What you have to do: With the pictures left out, write out the records verbatim.

Given information:
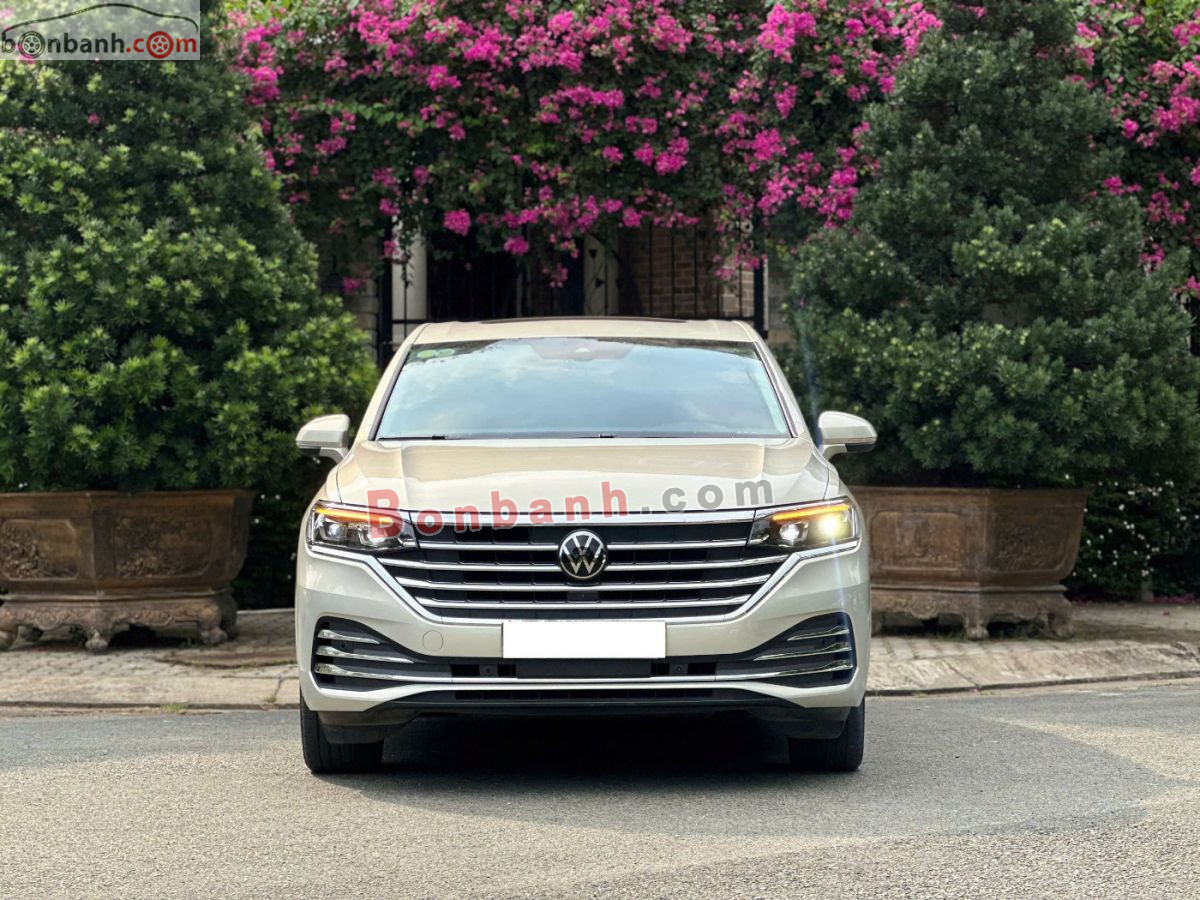Volkswagen Viloran Luxury 2025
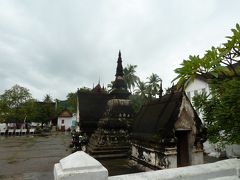 雨の中、お寺めぐりをしました。(ワット・マイ)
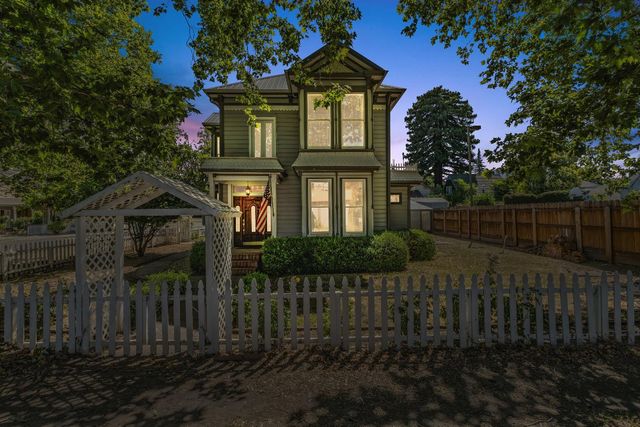 104 S Church St, Ione, CA 95640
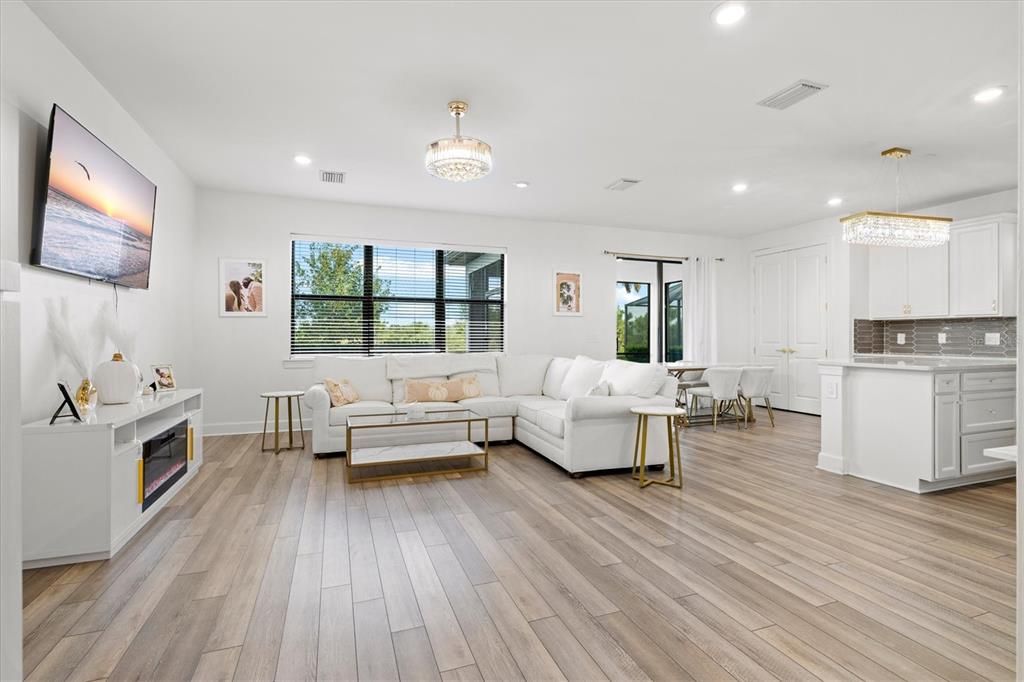 For Rent: $3,985 (4 beds, 3 baths, 2208 Square Feet)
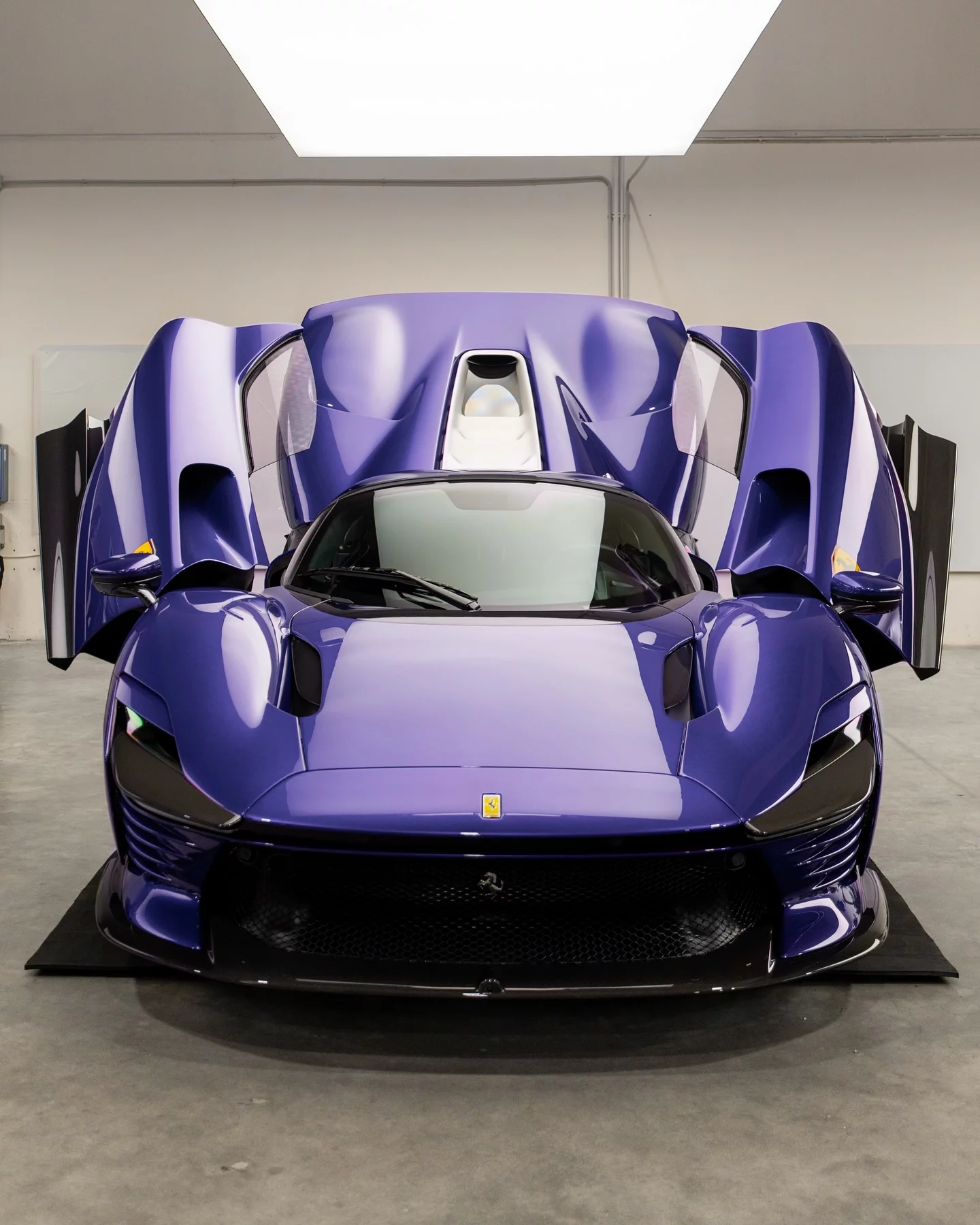 Violetto Dino Ferrari Daytona SP3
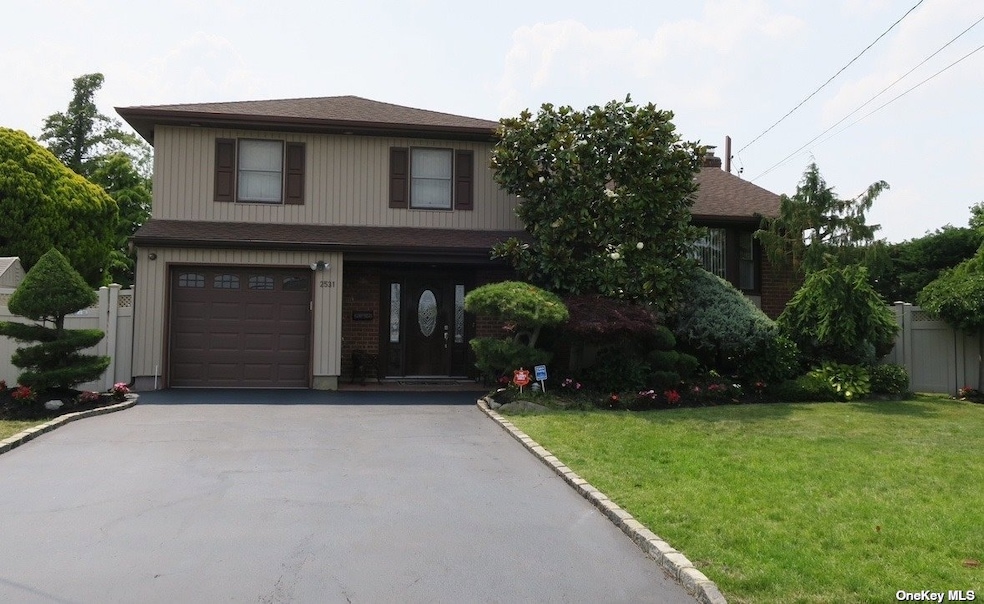 2531 Alvin Ct, Bellmore, NY 11710 - photo 1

Solution for this problem:
Volkswagen Viloran Luxury 2025
 雨の中、お寺めぐりをしました。(ワット・マイ)
 104 S Church St, Ione, CA 95640
 For Rent: $3,985 (4 beds, 3 baths, 2208 Square Feet)
 Violetto Dino Ferrari Daytona SP3
 2531 Alvin Ct, Bellmore, NY 11710 - photo 1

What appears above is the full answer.